Comparison of observed vs. predicted groundwater levels for SVM, RF, and XGBoost models across zones Z1–Z5, with the 1:1 line indicating perfect agreement.
A critical analysis of model performance across hydrogeological zones Z1–Z5, as illustrated in Fig. 5, reveals notable differences in prediction accuracy, bias tendency, and generalization ability among the tested algorithms. Overall, XGBoost outperformed the other models in most zones, demonstrating both accuracy and stability. It achieved the highest R² values and WI scores during testing in Z1 (R² = 0.91, WI = 0.97), Z3 (R² = 0.85, WI = 0.94), Z4 (R² = 0.76, WI = 0.93), and Z5 (R² = 0.92, WI = 0.98), along with low PBIAS values within ± 2%, indicating minimal systematic bias. For instance, in Z5, XGBoost yielded a remarkably low RMSE of 0.43 m and MAE of 0.21 m, while maintaining PBIAS = − 1.2%, suggesting excellent generalization and prediction capability. These results are in agreement with the findings of Ibrahem Ahmed Osman, et al21., who also reported outstanding performance of XGBoost in groundwater level forecasting tasks.

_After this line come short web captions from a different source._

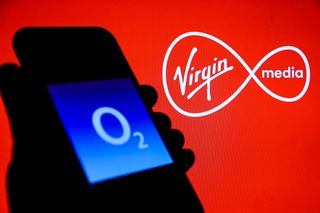 Virgin Media O2: O2 logo is seen displayed on a phone screen with Virgin Media logo displayed on the background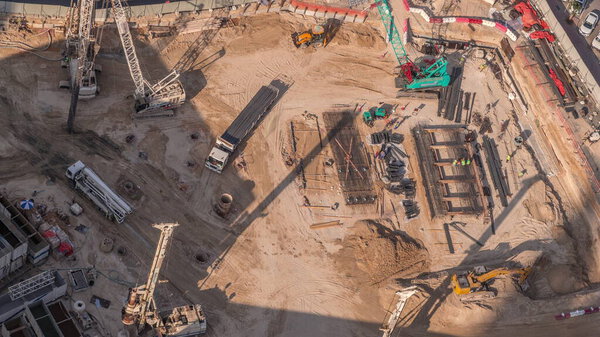 Heavy machinery for earthmoving with crane, truck and bulldozer. Aerial view construction site with a foundation pit of new skyscraper timelapse. Earthwork in excavation and backfilling of soil.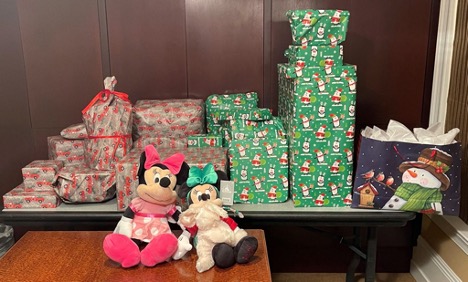 Eisenberg Rothweiler’s Christmas gifts for the family it “adopted” through the Support Center for Child Advocates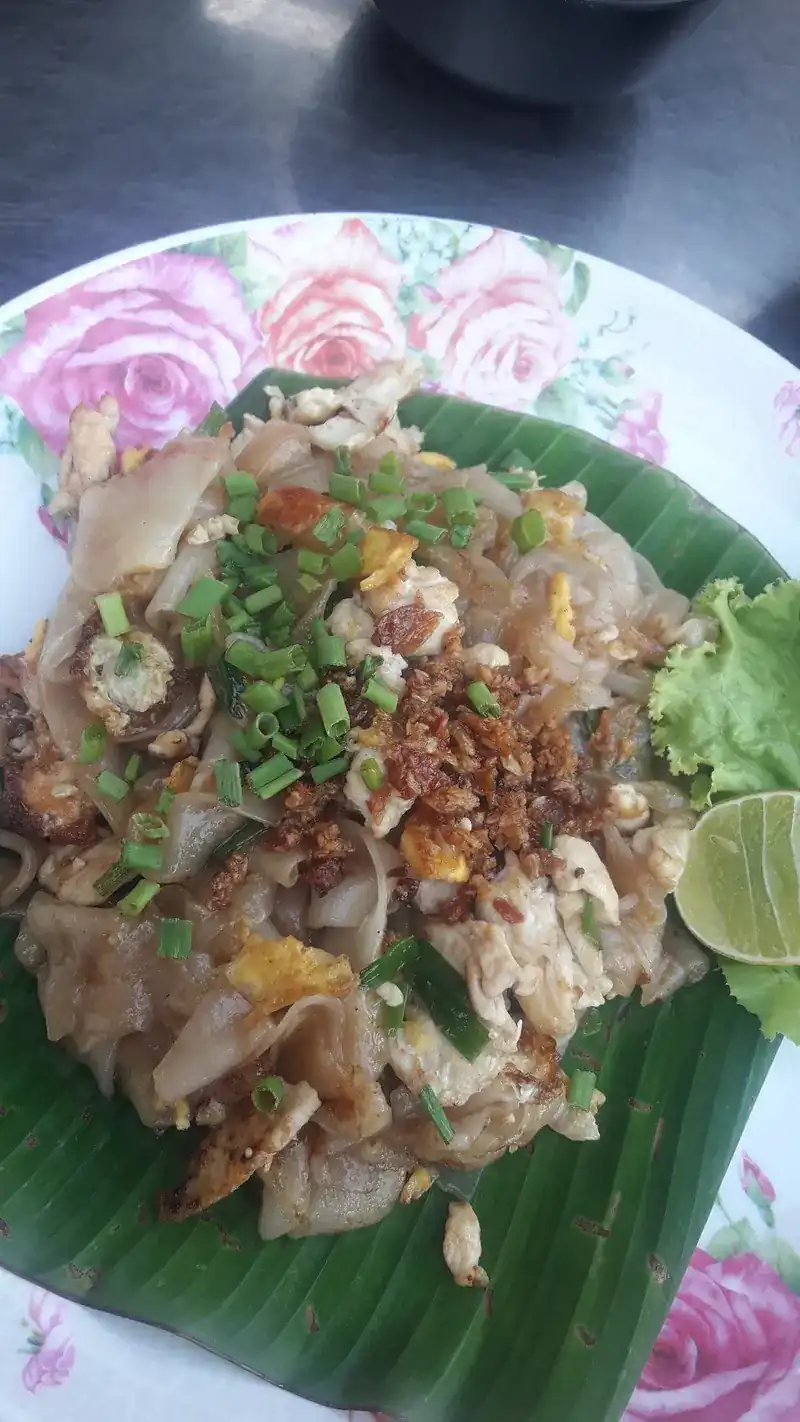 Stir-fried wide rice noodles with egg on a banana leaf, with lettuce and lime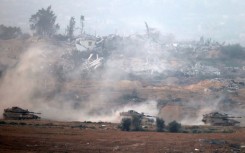 Israeli tanks roll through the central Gaza Strip on Tuesday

The SVM model, while slightly more variable, performed surprisingly well in Z5 (R² = 0.93, WI = 0.98, RMSE = 0.44 m, PBIAS = + 0.8%), and also showed competitive accuracy in Z1 and Z2. However, its performance dropped significantly in Z3, where it recorded the highest RMSE (4.16 m), lowest WI (0.86), and largest PBIAS (+ 7.9%) among all models and zones during testing, highlighting a tendency for systematic overestimation in that zone. Random Forest (RF) offered moderate results across the zones, with its best performance in Z5 (R² = 0.85, WI = 0.95, RMSE = 0.83 m, PBIAS = + 1.7%). However, in Z2 and Z3, its testing RMSE exceeded 2.7 m, WI dropped below 0.90, and PBIAS exceeded + 5%, indicating a more noticeable bias. These findings are consistent with those reported by Saleh and Rasel37, who identified SVM as a reliable model for groundwater prediction tasks compared to ensemble-based methods such as Random Forest in certain hydrogeological settings.
A notable observation is that Zone 5 (Z5), despite its high elevation and potentially complex hydrogeological features, was modeled more successfully than Zones 2 and 3. All models achieved R² values above 0.85 and WI values above 0.95 in Z5 during testing, with particularly low MAEs and RMSEs, suggesting more consistent and learnable patterns in the groundwater data of this zone. In contrast, Z3 posed a challenge for all models—particularly for SVM—likely due to higher variability or the presence of outliers. This is evident both in statistical metrics and in the wider spread of data points away from the 1:1 line in Fig. 5.
In summary, XGBoost demonstrated the most balanced and robust performance across all zones, with consistently high WI scores and low PBIAS, while SVM and RF showed strong localized performance, especially in zones with less variability. These findings emphasize the importance of considering local hydrogeological characteristics in selecting the optimal modeling approach for groundwater prediction.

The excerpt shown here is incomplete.